Acute otitis media (AOM) is the most common childhood infection in the United States, affecting over 60% of infants during their first year of life, causing significant pain and transient hearing loss. If left untreated, a prolonged infection can lead to serious complications, including delays in speech and language development and even permanent hearing impairment. Streptococcus pneumoniae (pneumococcal) is the most commonly isolated etiologic agent of AOM, and is also the species responsible for most post-infectious complications. The pneumococcal capsular conjugate vaccine is effective in preventing invasive disease, but has had little impact on total episodes of AOM due to increased rates of infection with non-vaccine serotypes. This fact, coupled with the global emergence of antibiotic-resistant pneumococcal strains, emphasizes the urgent need for continued efforts in developing effective preventive and therapeutic agents against pneumococcal disease. Previous work has identified a protein-lipid complex from human milk (HAMLET) that effectively kills S. pneumoniae, using a bactericidal mechanism that is separate from common antibiotics and is not susceptible to bacterial resistance development. This mechanism is specific, and treatment with HAMLET has been shown to be effective in significantly reducing in vivo nasopharyngeal colonization in a mouse model, revealing great promise for future use in treating otitis media in children. The objectives of this proposal are to develop a greater understanding of the mechanism of HAMLET-induced death in S. pneumoniae, and to assess the utility of HAMLET as a therapeutic agent. It is hypothesized that HAMLET targets pneumococcal components and genetic machinery specifically used for cell suicide, and that this activity can be exploited to prevent and treat pneumococcal colonization and otitis media.

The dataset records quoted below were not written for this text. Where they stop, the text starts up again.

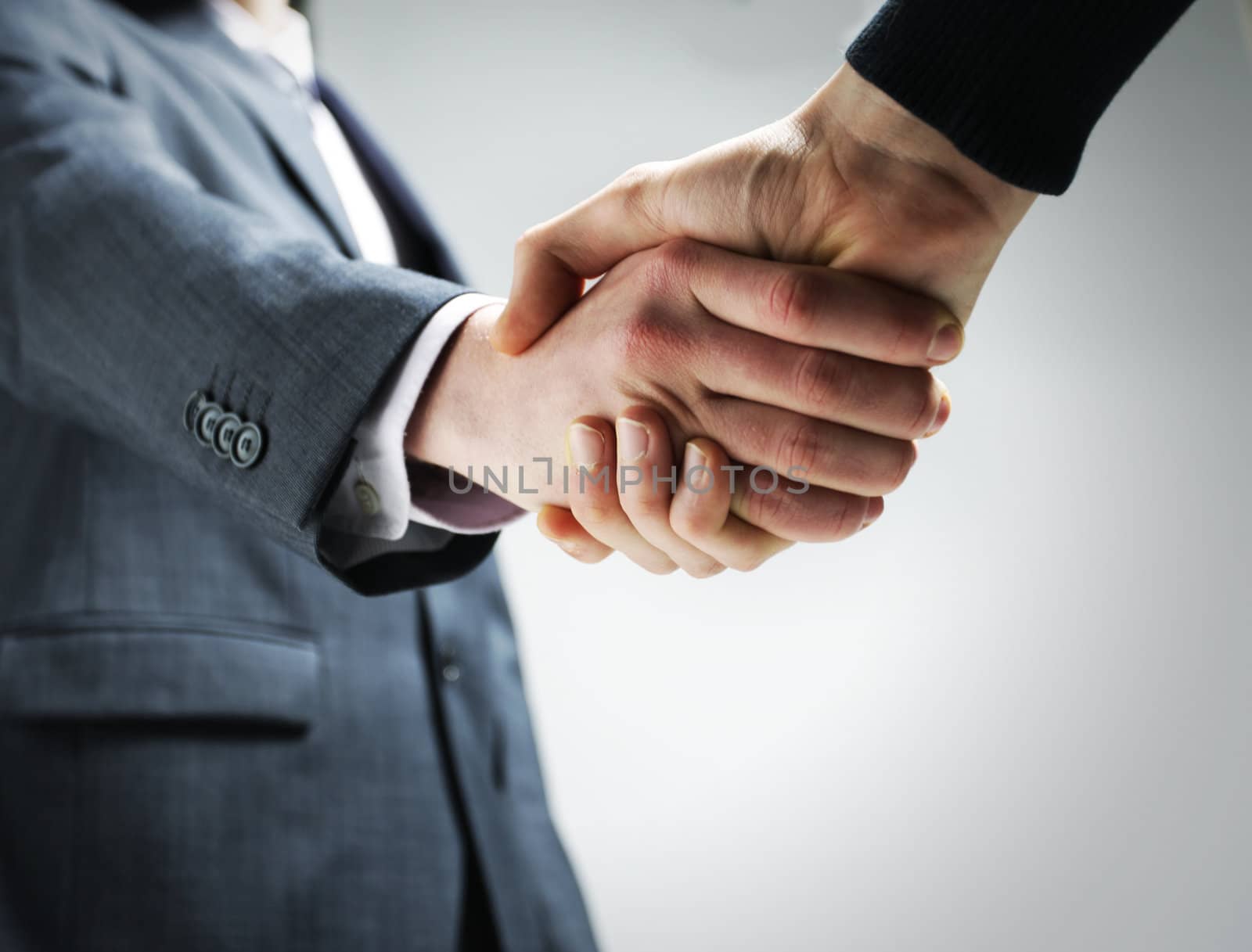 Two businessmen shaking hands. by stokkete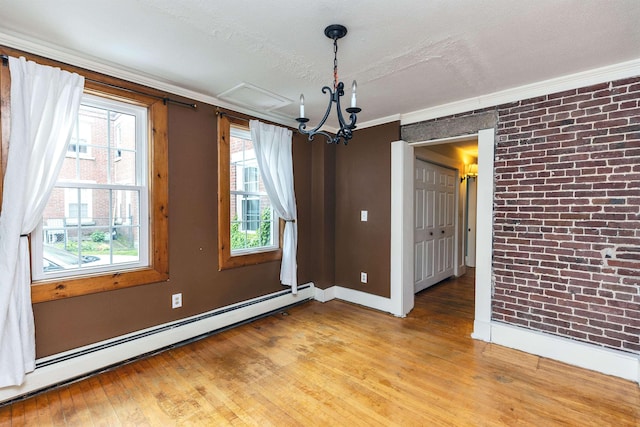 102 W Merrimack St Unit 1, Manchester, NH 03101 - unfurnished dining area with a baseboard heating unit, light wood-style flooring, brick wall, and ornamental molding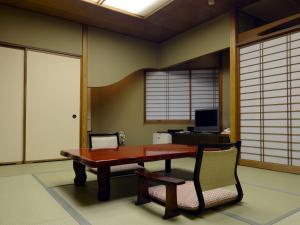 uma sala de jantar com uma mesa de madeira e cadeiras em Kinokuniya Yusenkan em Hakone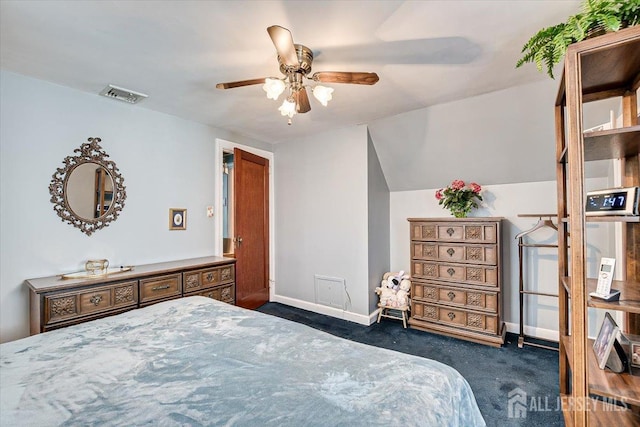 bedroom featuring dark colored carpet and ceiling fan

The specific aims of this proposal have been designed to directly test these hypotheses. Studies proposed in Aim 1 will characterize the mechanism of HAMLET-induced death in the pneumococcus. First, the receptor structure for HAMLET will be elucidated by testing various preparations of choline-containing pneumococcal surface components for their ability to inhibit HAMLET-induced death and to interact with HAMLET in solid-phase and in vitro binding assays. Secondly, a signature-tagged transposon mutation library will be screened to identify ion transporters or other pneumococcal components critical for HAMLET's activity.
In Aim 2, the proposed studies will assess the ability of HAMLET to prevent and eradicate nasopharyngeal colonization and prevent otitis media in vivo using the chinchilla, the gold standard animal model of AOM. Results from these studies will determine the utility of HAMLET for future treatment studies in children and also have great potential to lead to the development of better preventive and therapeutic agents against pneumococcal colonization and AOM, with less risk for resistance development.
Acute otitis media is the most commonly diagnosed childhood infection in the United States. This proposal addresses the anti-bacterial mechanism and potential therapeutic effect of a protein-lipid complex from human milk against Streptococcus pneumoniae, the bacterial pathogen most highly associated with acute otitis media.